Apropos of the above, I’ve been testing chapter ideas and other material for a new Liber 118. In particular, I’m a huge fan of Universal Basic Income, which has intriguing historical precedents plus enormous implications for the game that comes next.

After running the numbers for what UBI might cost in the US, implications became all the more urgent. It’s within striking range of commercial alternatives, i.e., corporatist funding in lieu of government initiatives. That got me thinking … about parody and science fiction to caricature what UBI might look like if everything went horribly wrong? What if corporatist values seized the day? Key portions of that parody got trumped, so to speak, by an even more bizarre happenstance in alleged reality.
¿quién es más macho? alleged reality vs. parody
¿quién es más macho? alleged reality vs. parody

Read more in my Medium article: Guaranteed Basic Income (cynical remix)

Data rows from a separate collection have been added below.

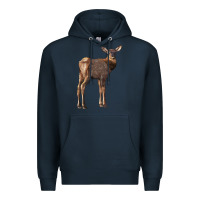 Navy elk fawn deer Premium Hoodie - LillyAllenDesigns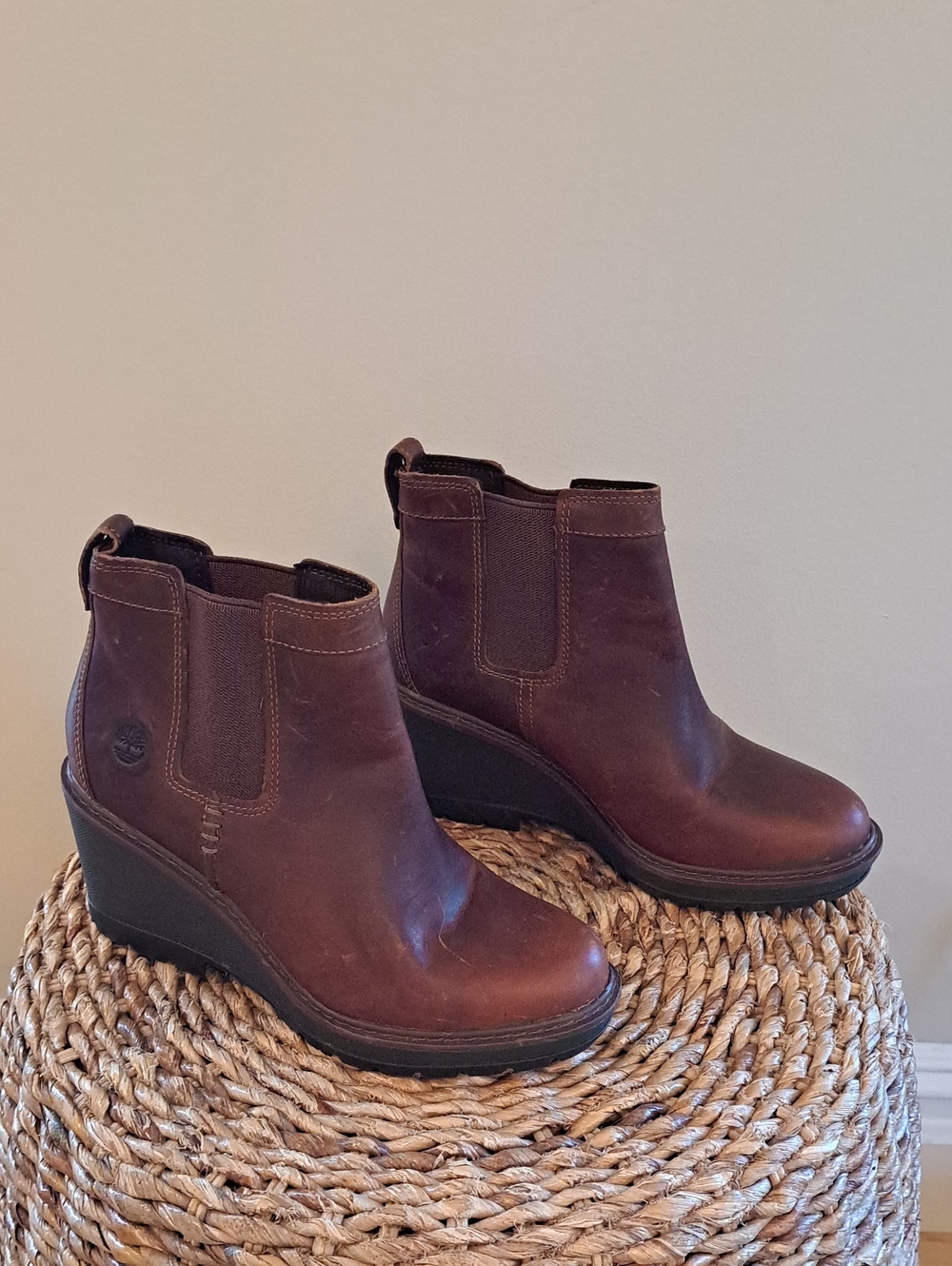 Timberland Women’s Brown Waterproof Leather Platform Wedge Ankle Booties 7.5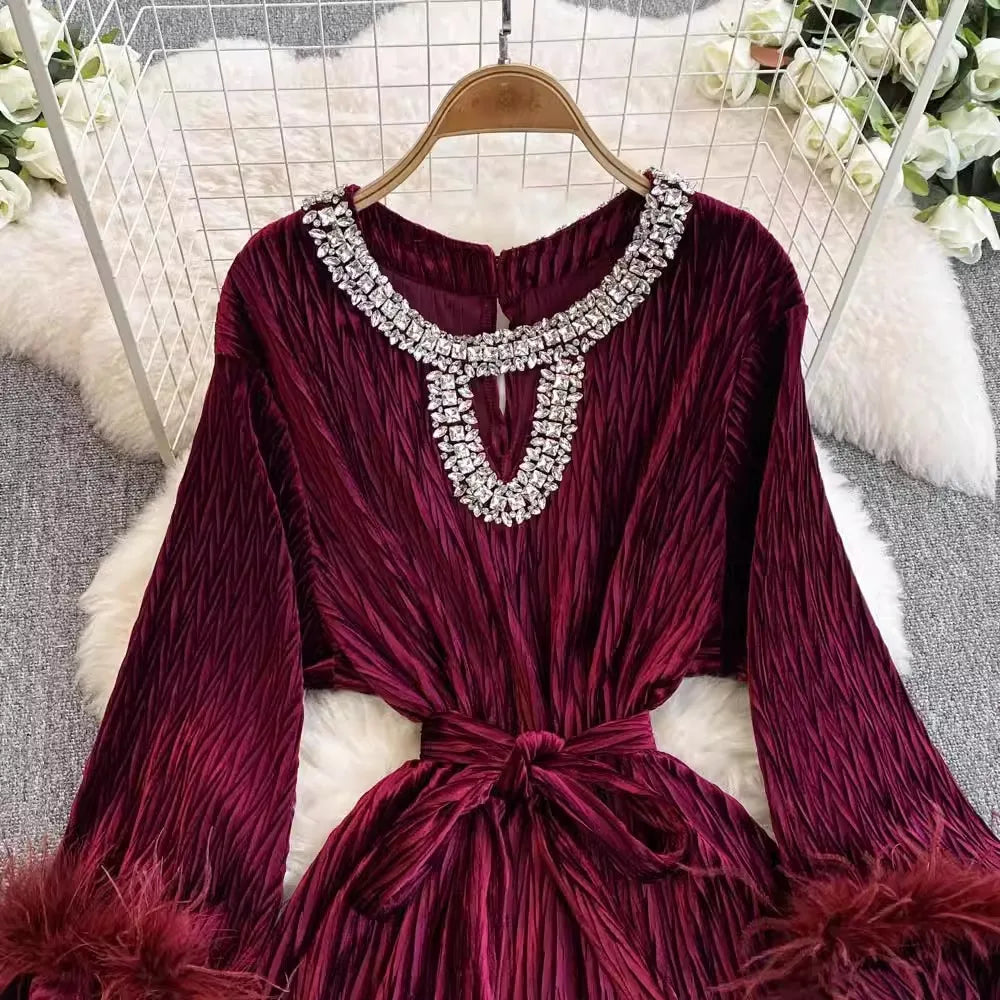 Burgundy Maxi Dress With Feather Cuff Trim on Luulla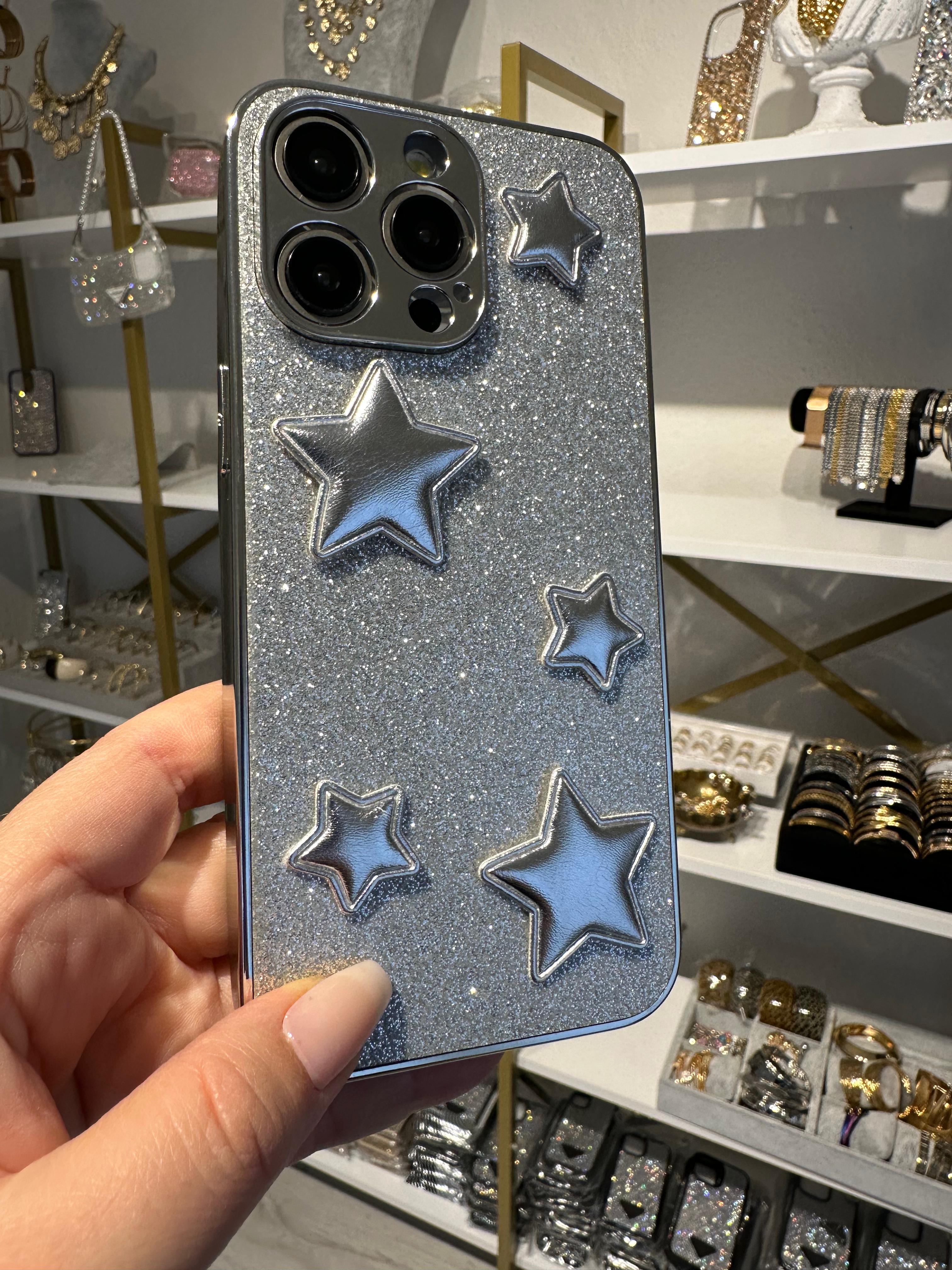 Gümüş Puff Yıldızlı Simli Kılıf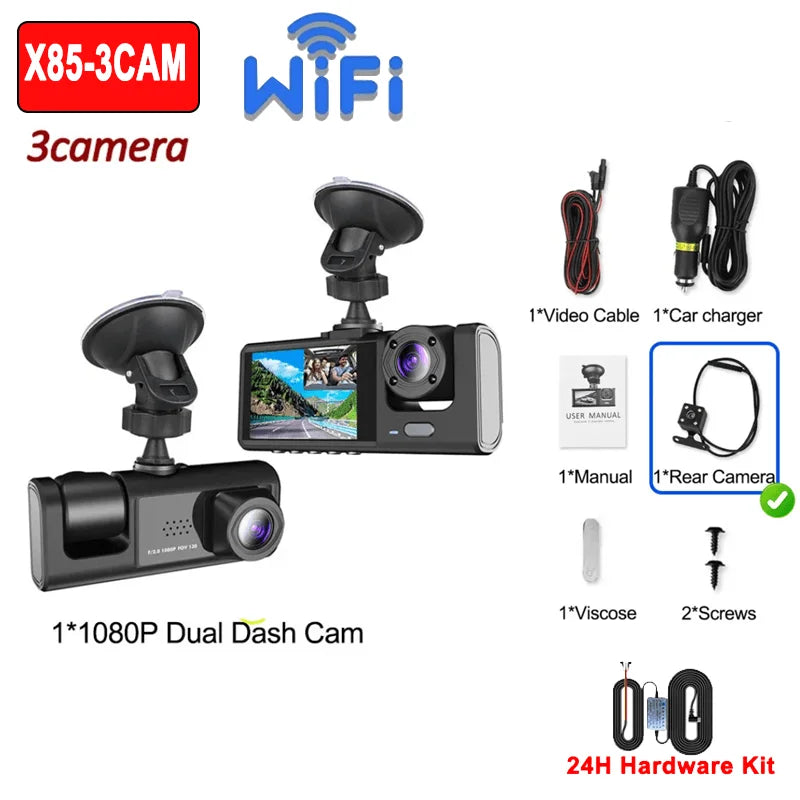 1080P WiFi Car Dvr 2/3 Camra DashCam for Cars Camera for Vehicle Recorder Video Front Optional Rear Camera  Night Vision Dashcam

I’ll just leave you with …

Flying cars. It’s happening. When friends at Bloomberg first gave a heads up about this two years ago, the whole spiel sounded unreal. Now 2 out of 3 of the promises foretold in Planet Unicorn have come true. The big picture is that people travel into work in metro areas via line of sight. No more traffic congestion. Or something.

I guess that’s great for people who work in large cities. Not everybody. But there are likely some other intriguing uses.

Meanwhile, in the lesser hells of drone wizardry, one regrets that the noun #WTFery does not enjoy more regular usage in the English language.